Discussions on the morality, efficacy and legality of confidential informants follow the tragic deaths of several young men and women across the country, who were used by police.
Informants agree to do their work to avoid greater punishments, which could include jail time, getting kicked out of school or simply having their parents find out.
Florida passed “Rachel’s Law” in 2009 following the death of Rachel Hoffman. Hoffman was arrested when she was 23 years old, with marijuana and ecstasy.
She took an offer to be a confidential informant for the police. During an undercover deal, Hoffman, who hadn’t been trained beforehand, was murdered.
The law named for her requires the police must have proper training for recruiting informants, and have to take into account a potential informant’s age and maturity.
Also under the law, informants are allowed to request a lawyer.

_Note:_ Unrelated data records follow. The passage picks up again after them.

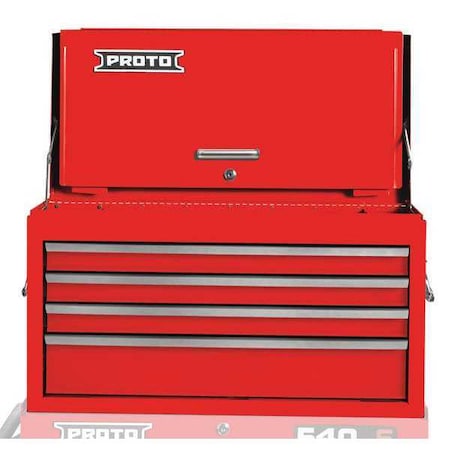 Top Chest Red 27 in. W 4 Drawers by USA Proto Tool Chest & Side Cabinets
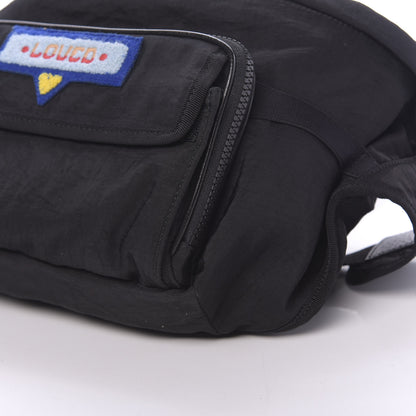 Gucci Nylon 80s Logo Patch Belt Bag Black 11 of 11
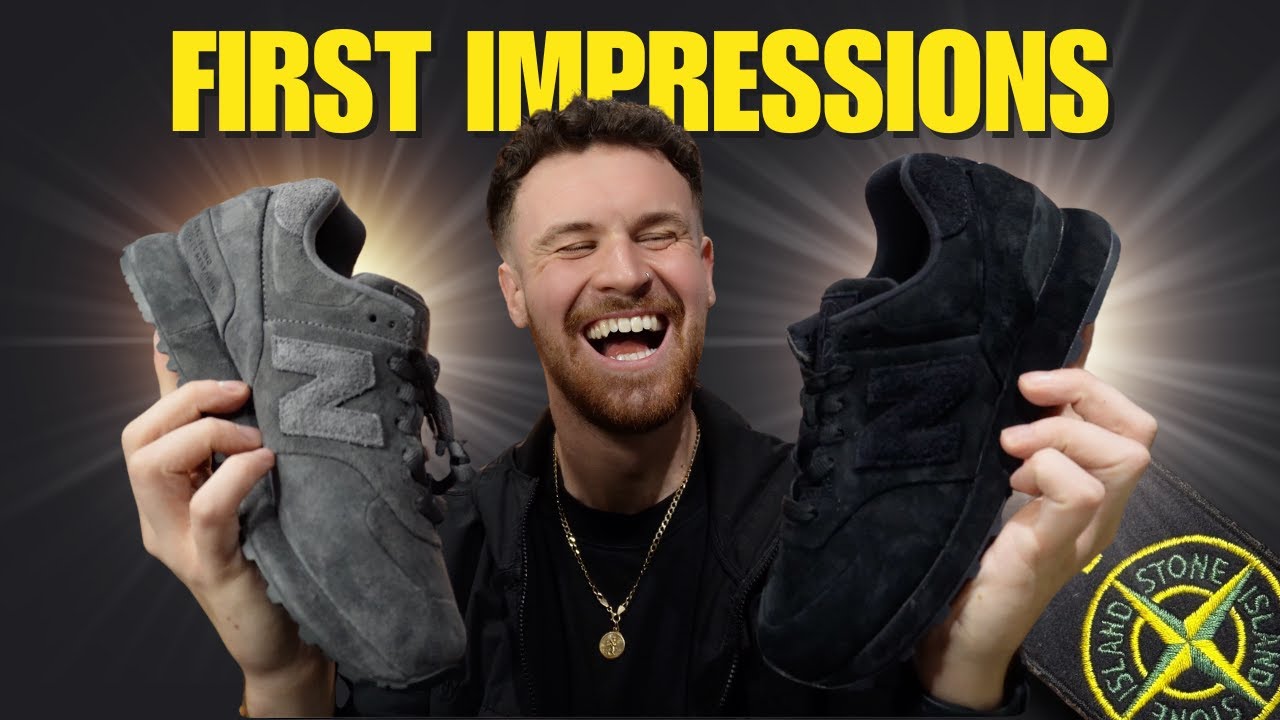 Stone Island x New Balance Ghost 574 — первый взгляд и честный обзор 👟🔥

The right to request a lawyer is important.
Confidential informants, and especially younger people, don’t always know their rights and the full legal extent of situations.
Sadek never had an attorney or court appearance.
Although he was told he could potentially go to prison for 40 years, he may not have known maximum punishments are rarely enforced in full and that, according to North Dakota defense attorney Mark A. Friese, most first-time marijuana offenders are not imprisoned.
Aside from the legal and physical safety grey areas of confidential informants, there’s also the informant’s personal heath and mental wellness to consider.
Informants can face hefty guilt and confusion over their roles, and it’s not guaranteed police will properly look after their emotional well-being.
A student at the University of Massachusetts Amherst was found dead of a heroin overdose in his dorm in fall 2013.
His father and stepmother, who found his body, had no idea he had been using drugs.
But, a year before his death, the student was caught by campus police selling LSD and Molly. They also found a hypodermic needle in his dorm.
The police told the student he could stay in school and his parents wouldn’t have to find out if he became an informant for them.
He took the deal.
Campus police said the student had denied an offer for drug treatment, and they weren’t aware he was an addict (texts found showed him talking to others about his addiction).
Along with his addiction, the student was racked with guilt over being an informant.
“Kinda hard to live with myself . . . that was honestly the worst day of my life,” the student wrote in a text days after helping to bust a dealer on campus.
Under school policy, the student’s parents would have been told about his drug offenses, but he was able to keep it a secret because of the informant deal.
His parents said if they had known about it, they would have worked to get their son help.
The failures of the confidential informants system across the United States is yet another example of the country’s inability to effectively deal with drugs.
Using informants may be useful for police, but it puts the informants, especially younger individuals who may not be as knowledgeable or emotionally mature, in potential physical and emotional danger.
Moreover, these informants are placed in this position under, essentially, coercion: Do this or you’ll be locked up for years.
At this point, it’s clear the War on Drugs is not working, with everyone from President Barack Obama to the New England Conference of United Methodist Churches, which passed a resolution earlier this month, calling for an end to it.
In mid-July, Obama commuted the sentences of 46 non-violent drug offenders.
He explained their sentences far outsized the crimes they committed, and they should already have been out of prison.
This move is seen as part of Obama’s push to reform the criminal justice system, which tends to systematically target minorities.
Presidential hopefuls on both sides have also come out against the War on Drugs in recent months.
Bernie Sanders spoke about reforming drug policies in a Reddit AMA in May and has been a vocal opponent of the war on drugs for years.
Meanwhile, Rand Paul said in April that the War on Drugs “created a culture of violence,” and helped to increase tension across the nation because of the racial disparity in punishment and enforcement.
Regardless of potential state and federal reforms on drug policies, an investigation by campus police, the North Dakota Bureau of Criminal Investigation and the Minnesota State Bureau of Criminal Apprehension on Andrew Sadek’s death is ongoing.
It’s possible the Sadek family may never know for sure if their son's death was a murder or a suicide.